Practical check: McDonalds model restaurant for less garbage & plastic
Photo: McDonald’s Germany
From 17 to 26 June 2019, McDonalds turned its branch in the Mall of Berlin into a model restaurant under the motto “Less garbage & plastic”. The B+P Creality team was on site to take a close look at the measures and alternative packaging. The result is mixed.
McDonald’s burger in grass paper and ketchup in waffles: McDonald’s presented the current status of his work on a “packaging concept with more sustainable solutions” at the Mall of Berlin. The primary goal of the concept, which underwent a practical test in the “Model Restaurant”, was to reduce waste and plastic.
As soon as they entered the branch, the guests were greeted with information boards that greeted them for a “live experiment”. Under the motto “Many ways lead to the goal”, digital displays named various measures of the project, such as the use of reusable packaging.
At the order terminals, green dots marked those products that could be ordered “alternatively packaged”. The Creality team took its duties seriously and – bravely accepting the calories – ordered a wider range.
Check out the packaging alternatives
Reusable cups for drinks.

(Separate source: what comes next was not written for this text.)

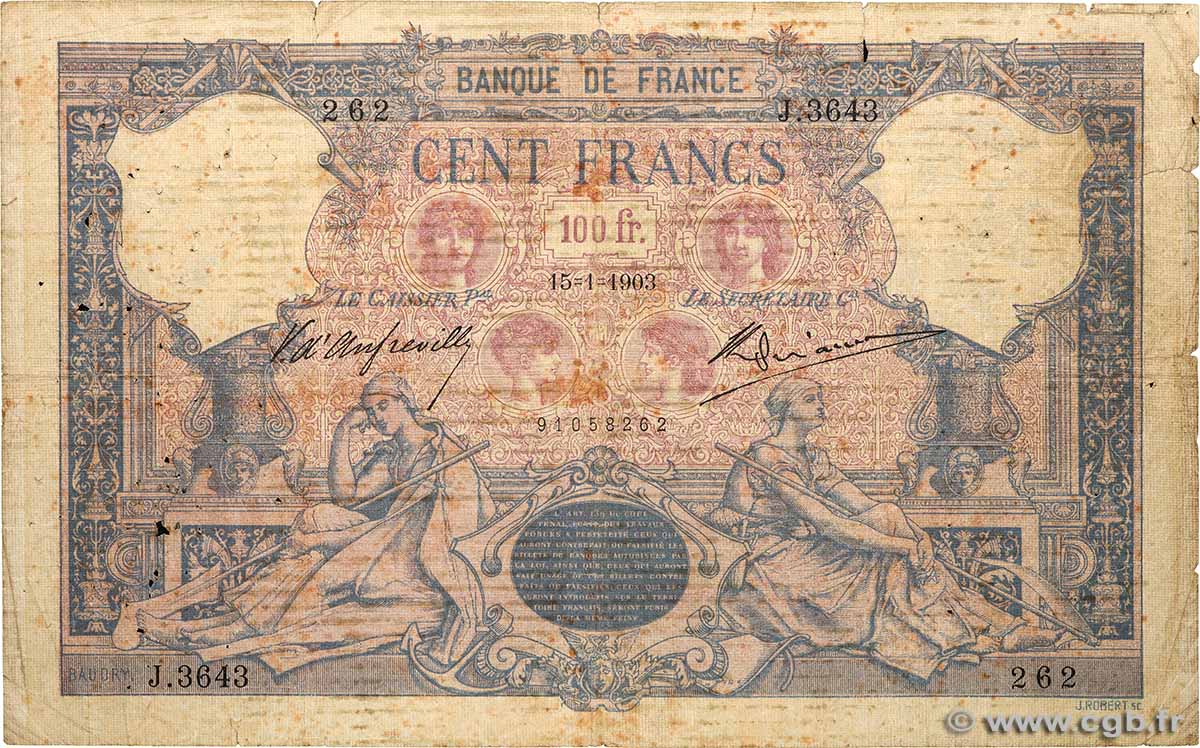 100 Francs BLEU ET ROSE FRANCE  1903 F.21.17 G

They replaced the disposable versions and were made of plastic. For a concrete sustainability balance to be drawn up, the costs such as the installation of dishwashers and water and energy consumption for cleaning would have to be compared with the previous disposable variants.
Kontra: Not required for to-go use or introduction of a deposit system
Paper drinking straws. They replaced the plastic variants (which will soon be banned throughout Europe).

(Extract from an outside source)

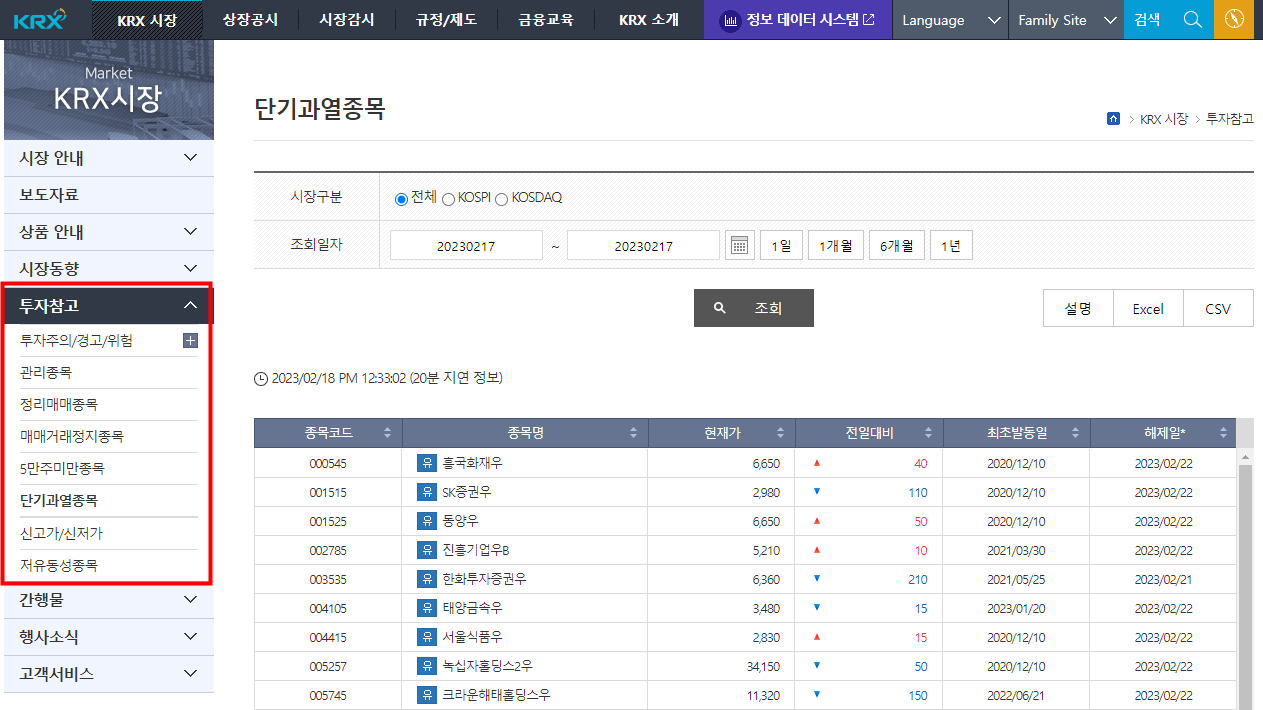 한국거래소 홈페이지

Pro: Paper replaces plastic.
Kontra: The straw dissolves too quickly when shakes are eaten. The paper stalk is still a long way from the perceived hygienic and tasteless impression of the plastic stalk.

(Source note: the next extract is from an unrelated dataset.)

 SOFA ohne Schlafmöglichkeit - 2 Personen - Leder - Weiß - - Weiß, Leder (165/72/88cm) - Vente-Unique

PE-laminated paper trays were used for the salads and replaced the previous plastic boxes.
Pro: Replacement of plastic.
Kontra: The trays are difficult to recycle. The previously used plastic solutions made of monomaterial are better recyclable.
Paper bags. They were used for Chicken McNuggets and placed on the tray. The bags were obviously made of virgin fibre and replaced the cardboard boxes previously used.
Pro: The use of materials is lower.
Contra: Due to the experimental status of the packaging, the bags were not finally designed and branded. For the final, printed version, the question will arise as to which printing inks will be used. The problem of migration of unwanted substances from the packaging into the food should not be underestimated, especially with “fatty foods”.
Waffle cups. They were used for ketchup and dips as well as soft ice cream. The edible packaging replaced plastic cups.
Pro: Basically, the waffle cups cut a good figure. They replace previously used plastic solutions.
Contra: However, the hygiene aspect could become problematic. At least in our group, not everyone wanted to eat a waffle cup that had previously passed through a few hands and ended up on the fast-food restaurant table. Normally, the cups should remain and be disposed of as residual waste. But what is the overall balance if you take grain production and production into account? Are foods produced to be disposed of normally the right message?
Grass paper was used to package the burgers. We liked this solution best.
Pro: The grass paper fulfils its function, is haptically appealing and also visually a good solution.
Kontra: The grass content is “only” 30 percent. Even before that, the company had already opted for pure paper or cardboard solutions.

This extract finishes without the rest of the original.